(Records from a data source)
######
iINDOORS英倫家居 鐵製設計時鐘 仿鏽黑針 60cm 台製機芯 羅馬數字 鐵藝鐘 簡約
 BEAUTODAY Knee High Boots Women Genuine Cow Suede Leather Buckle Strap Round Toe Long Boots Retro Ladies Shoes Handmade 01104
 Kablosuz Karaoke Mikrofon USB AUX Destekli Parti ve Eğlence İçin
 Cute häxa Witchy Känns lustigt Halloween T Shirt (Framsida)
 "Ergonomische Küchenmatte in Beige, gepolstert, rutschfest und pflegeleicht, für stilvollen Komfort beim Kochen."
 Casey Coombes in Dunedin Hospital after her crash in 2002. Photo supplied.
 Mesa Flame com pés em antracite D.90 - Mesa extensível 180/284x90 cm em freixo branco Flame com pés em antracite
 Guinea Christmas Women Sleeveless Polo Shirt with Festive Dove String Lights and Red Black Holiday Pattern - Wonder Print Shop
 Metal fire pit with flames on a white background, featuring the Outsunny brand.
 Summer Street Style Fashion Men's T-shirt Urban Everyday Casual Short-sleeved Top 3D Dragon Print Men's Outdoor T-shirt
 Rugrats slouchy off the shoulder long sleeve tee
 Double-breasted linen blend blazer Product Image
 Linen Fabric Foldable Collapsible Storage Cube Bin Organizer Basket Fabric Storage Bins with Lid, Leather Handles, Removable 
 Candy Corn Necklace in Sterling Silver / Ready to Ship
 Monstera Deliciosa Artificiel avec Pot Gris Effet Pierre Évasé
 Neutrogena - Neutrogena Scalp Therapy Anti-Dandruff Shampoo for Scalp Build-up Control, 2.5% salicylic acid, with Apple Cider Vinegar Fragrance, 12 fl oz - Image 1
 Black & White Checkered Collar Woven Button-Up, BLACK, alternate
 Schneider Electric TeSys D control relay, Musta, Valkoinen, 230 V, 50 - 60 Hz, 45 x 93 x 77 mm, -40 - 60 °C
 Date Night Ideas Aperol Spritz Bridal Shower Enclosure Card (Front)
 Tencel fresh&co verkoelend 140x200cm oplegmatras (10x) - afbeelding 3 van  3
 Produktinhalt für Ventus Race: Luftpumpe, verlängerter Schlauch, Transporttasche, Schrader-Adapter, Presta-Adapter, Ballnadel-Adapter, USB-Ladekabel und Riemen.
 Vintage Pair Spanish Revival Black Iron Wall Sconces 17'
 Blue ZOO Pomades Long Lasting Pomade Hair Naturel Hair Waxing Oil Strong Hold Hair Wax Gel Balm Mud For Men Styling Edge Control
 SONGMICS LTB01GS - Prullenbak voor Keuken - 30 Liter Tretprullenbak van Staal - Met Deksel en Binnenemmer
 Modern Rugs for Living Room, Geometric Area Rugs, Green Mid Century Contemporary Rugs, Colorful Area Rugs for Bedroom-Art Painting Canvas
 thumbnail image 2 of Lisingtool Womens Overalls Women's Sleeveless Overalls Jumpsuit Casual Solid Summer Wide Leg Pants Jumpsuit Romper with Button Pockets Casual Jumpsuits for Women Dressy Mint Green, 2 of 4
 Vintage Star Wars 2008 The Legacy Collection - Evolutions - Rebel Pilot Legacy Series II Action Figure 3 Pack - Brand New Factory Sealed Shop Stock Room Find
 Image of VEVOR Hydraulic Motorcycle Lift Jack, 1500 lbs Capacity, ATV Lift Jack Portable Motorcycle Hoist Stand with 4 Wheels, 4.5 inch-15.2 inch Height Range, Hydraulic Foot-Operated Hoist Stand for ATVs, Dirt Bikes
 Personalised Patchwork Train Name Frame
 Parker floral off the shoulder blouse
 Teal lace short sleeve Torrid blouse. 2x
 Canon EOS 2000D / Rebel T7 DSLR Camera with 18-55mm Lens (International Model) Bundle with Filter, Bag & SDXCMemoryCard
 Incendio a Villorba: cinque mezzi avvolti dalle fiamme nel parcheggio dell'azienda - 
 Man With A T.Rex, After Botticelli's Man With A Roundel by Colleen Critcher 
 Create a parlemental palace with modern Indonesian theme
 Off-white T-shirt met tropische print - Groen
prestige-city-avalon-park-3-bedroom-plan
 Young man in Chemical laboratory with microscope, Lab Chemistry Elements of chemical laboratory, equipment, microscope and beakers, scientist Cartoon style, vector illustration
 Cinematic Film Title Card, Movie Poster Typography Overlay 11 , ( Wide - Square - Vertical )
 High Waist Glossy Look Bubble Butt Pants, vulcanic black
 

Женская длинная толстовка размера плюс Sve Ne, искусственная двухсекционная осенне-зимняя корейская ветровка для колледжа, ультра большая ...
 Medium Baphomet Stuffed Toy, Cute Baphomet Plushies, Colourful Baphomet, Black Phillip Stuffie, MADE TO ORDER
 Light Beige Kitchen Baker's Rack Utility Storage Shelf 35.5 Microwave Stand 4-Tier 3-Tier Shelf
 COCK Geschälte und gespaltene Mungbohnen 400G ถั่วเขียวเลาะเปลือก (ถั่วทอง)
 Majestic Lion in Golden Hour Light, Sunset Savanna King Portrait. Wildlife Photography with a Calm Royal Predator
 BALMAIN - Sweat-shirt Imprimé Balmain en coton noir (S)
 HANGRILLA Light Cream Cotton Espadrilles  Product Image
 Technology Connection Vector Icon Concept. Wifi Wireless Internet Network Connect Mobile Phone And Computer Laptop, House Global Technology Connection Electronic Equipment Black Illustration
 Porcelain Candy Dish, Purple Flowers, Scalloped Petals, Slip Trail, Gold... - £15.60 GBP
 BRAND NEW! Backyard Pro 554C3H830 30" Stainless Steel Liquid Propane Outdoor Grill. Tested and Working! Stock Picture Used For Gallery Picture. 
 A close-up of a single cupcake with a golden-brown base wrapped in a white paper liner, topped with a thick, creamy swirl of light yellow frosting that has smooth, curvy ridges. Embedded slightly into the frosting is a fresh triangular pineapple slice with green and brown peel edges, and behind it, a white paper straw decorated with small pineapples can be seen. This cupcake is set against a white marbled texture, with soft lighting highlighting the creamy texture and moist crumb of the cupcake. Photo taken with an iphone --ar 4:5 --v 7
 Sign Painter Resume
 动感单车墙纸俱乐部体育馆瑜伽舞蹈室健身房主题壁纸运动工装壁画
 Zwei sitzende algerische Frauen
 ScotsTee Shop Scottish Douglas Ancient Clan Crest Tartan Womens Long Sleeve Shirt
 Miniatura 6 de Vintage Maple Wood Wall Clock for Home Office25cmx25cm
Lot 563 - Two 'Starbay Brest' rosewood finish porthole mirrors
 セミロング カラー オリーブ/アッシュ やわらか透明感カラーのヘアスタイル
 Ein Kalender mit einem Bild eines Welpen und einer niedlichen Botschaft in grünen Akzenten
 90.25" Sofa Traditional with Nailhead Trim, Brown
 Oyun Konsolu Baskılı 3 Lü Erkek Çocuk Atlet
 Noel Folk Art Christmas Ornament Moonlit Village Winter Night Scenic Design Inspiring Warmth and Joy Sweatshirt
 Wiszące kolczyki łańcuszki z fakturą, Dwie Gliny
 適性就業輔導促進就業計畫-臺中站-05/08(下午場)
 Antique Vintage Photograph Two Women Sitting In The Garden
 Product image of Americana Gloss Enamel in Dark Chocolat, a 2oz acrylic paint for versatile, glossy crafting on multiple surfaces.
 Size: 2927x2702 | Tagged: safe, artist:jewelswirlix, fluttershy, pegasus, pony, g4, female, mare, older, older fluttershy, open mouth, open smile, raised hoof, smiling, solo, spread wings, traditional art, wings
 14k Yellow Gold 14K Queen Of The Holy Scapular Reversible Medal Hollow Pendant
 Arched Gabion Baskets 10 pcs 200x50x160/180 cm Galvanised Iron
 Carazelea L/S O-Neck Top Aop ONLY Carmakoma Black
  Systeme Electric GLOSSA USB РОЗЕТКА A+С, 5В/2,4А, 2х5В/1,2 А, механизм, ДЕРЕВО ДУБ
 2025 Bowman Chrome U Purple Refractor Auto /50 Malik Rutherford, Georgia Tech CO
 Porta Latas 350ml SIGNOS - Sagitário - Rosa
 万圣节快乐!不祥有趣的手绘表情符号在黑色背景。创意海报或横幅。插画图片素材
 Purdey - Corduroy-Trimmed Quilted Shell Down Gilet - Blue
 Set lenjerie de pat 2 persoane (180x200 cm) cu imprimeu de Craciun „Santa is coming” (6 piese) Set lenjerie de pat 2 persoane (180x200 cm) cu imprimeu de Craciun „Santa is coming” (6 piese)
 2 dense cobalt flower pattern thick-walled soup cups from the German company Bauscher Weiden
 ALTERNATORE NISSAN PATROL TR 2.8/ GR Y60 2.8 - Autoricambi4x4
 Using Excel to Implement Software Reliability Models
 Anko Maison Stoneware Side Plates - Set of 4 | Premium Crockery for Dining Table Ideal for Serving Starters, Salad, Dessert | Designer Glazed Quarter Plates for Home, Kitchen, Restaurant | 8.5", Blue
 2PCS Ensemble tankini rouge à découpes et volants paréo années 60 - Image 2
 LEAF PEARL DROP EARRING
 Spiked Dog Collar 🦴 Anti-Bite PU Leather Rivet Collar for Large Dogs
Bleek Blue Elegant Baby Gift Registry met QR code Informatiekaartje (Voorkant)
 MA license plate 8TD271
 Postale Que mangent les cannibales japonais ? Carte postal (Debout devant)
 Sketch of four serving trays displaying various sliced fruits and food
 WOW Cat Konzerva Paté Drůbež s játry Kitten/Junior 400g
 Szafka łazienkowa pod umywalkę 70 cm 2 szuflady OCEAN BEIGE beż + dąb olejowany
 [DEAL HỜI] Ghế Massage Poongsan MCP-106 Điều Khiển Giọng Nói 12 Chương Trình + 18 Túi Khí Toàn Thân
######
» **Exercise objective**:
Give again exactly, and only, the lines above starting at the one with "Candy Corn Necklace" and ending at the one with "Vintage Star Wars".

» **Task output**:
 Candy Corn Necklace in Sterling Silver / Ready to Ship
 Monstera Deliciosa Artificiel avec Pot Gris Effet Pierre Évasé
 Neutrogena - Neutrogena Scalp Therapy Anti-Dandruff Shampoo for Scalp Build-up Control, 2.5% salicylic acid, with Apple Cider Vinegar Fragrance, 12 fl oz - Image 1
 Black & White Checkered Collar Woven Button-Up, BLACK, alternate
 Schneider Electric TeSys D control relay, Musta, Valkoinen, 230 V, 50 - 60 Hz, 45 x 93 x 77 mm, -40 - 60 °C
 Date Night Ideas Aperol Spritz Bridal Shower Enclosure Card (Front)
 Tencel fresh&co verkoelend 140x200cm oplegmatras (10x) - afbeelding 3 van  3
 Produktinhalt für Ventus Race: Luftpumpe, verlängerter Schlauch, Transporttasche, Schrader-Adapter, Presta-Adapter, Ballnadel-Adapter, USB-Ladekabel und Riemen.
 Vintage Pair Spanish Revival Black Iron Wall Sconces 17'
 Blue ZOO Pomades Long Lasting Pomade Hair Naturel Hair Waxing Oil Strong Hold Hair Wax Gel Balm Mud For Men Styling Edge Control
 SONGMICS LTB01GS - Prullenbak voor Keuken - 30 Liter Tretprullenbak van Staal - Met Deksel en Binnenemmer
 Modern Rugs for Living Room, Geometric Area Rugs, Green Mid Century Contemporary Rugs, Colorful Area Rugs for Bedroom-Art Painting Canvas
 thumbnail image 2 of Lisingtool Womens Overalls Women's Sleeveless Overalls Jumpsuit Casual Solid Summer Wide Leg Pants Jumpsuit Romper with Button Pockets Casual Jumpsuits for Women Dressy Mint Green, 2 of 4
 Vintage Star Wars 2008 The Legacy Collection - Evolutions - Rebel Pilot Legacy Series II Action Figure 3 Pack - Brand New Factory Sealed Shop Stock Room Find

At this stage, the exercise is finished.